TASK INPUTS –
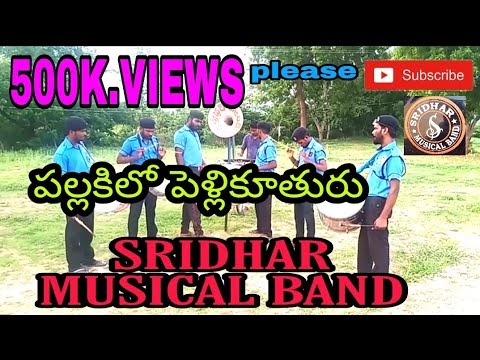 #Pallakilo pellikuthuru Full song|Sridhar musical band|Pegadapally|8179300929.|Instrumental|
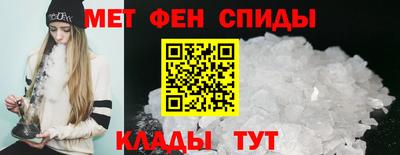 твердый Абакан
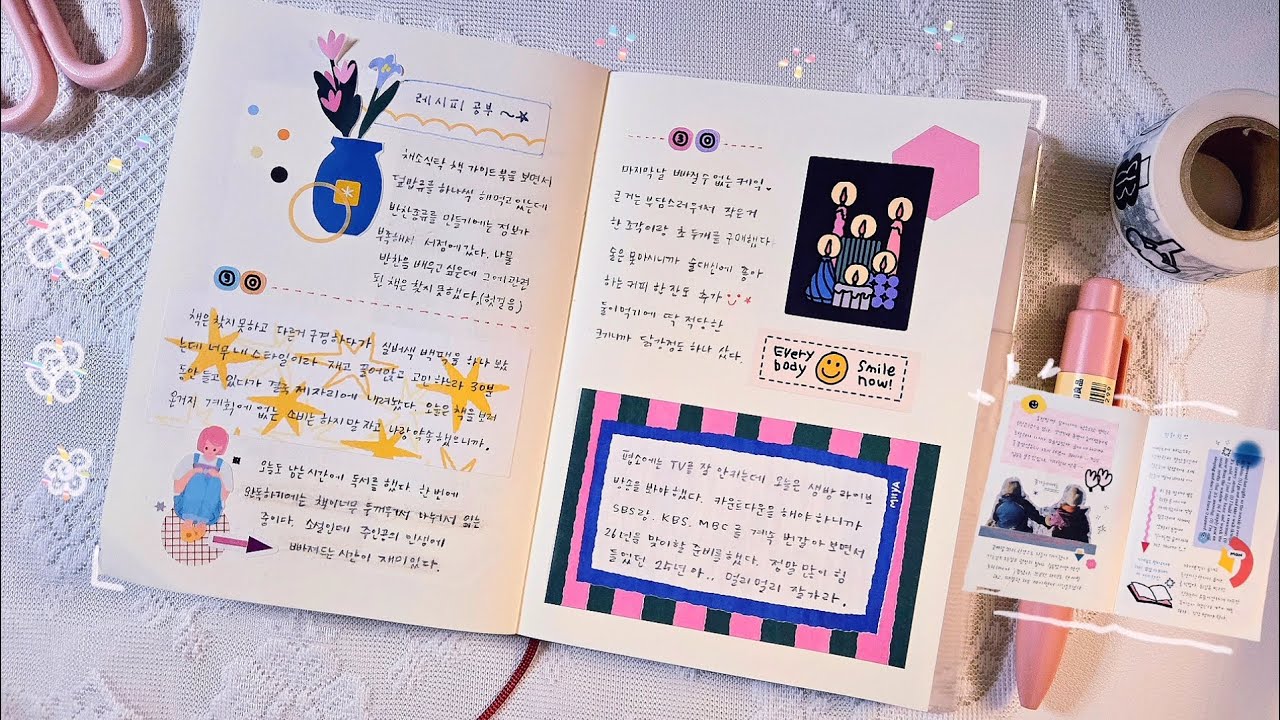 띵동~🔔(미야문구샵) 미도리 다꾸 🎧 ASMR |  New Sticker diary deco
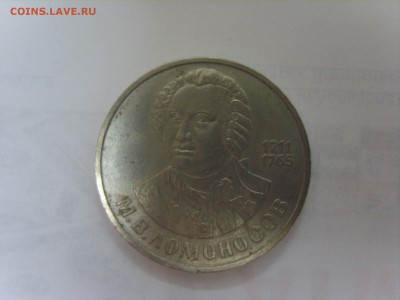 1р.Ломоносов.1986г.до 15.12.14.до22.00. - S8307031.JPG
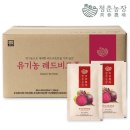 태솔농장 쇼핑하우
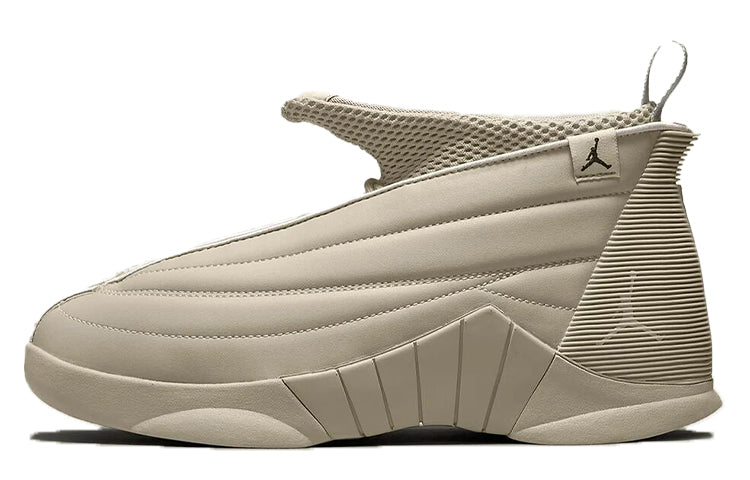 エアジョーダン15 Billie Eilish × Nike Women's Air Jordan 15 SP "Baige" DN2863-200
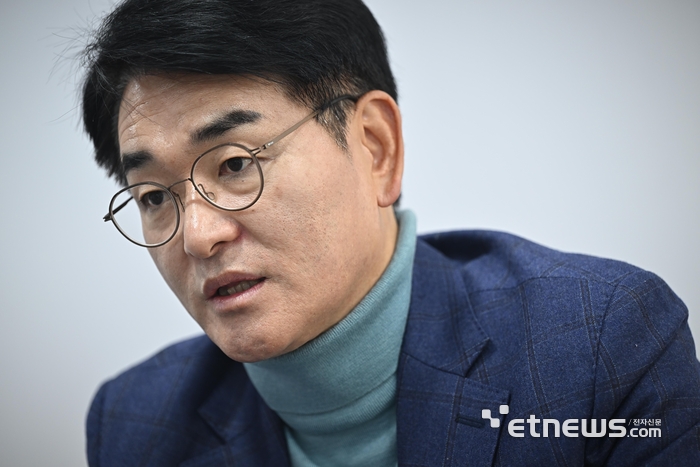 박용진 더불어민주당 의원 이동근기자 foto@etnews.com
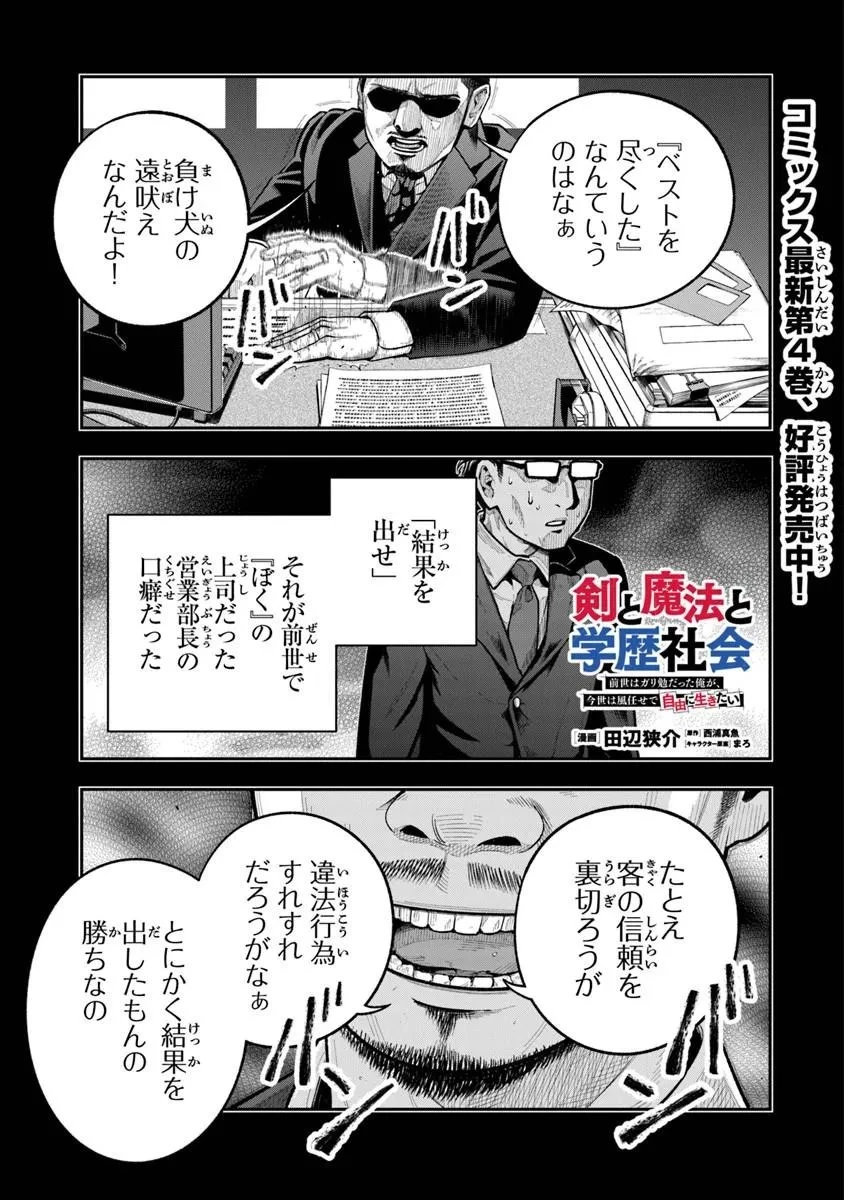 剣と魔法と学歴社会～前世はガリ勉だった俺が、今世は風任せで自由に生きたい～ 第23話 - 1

REQUIRED ACTION – Could you reproduce every entry exactly, leaving out the pictures?

RESPONSE AREA –
 #Pallakilo pellikuthuru Full song|Sridhar musical band|Pegadapally|8179300929.|Instrumental|
 твердый Абакан
 띵동~🔔(미야문구샵) 미도리 다꾸 🎧 ASMR |  New Sticker diary deco
 1р.Ломоносов.1986г.до 15.12.14.до22.00. - S8307031.JPG
 태솔농장 쇼핑하우
 エアジョーダン15 Billie Eilish × Nike Women's Air Jordan 15 SP "Baige" DN2863-200
 박용진 더불어민주당 의원 이동근기자 foto@etnews.com
 剣と魔法と学歴社会～前世はガリ勉だった俺が、今世は風任せで自由に生きたい～ 第23話 - 1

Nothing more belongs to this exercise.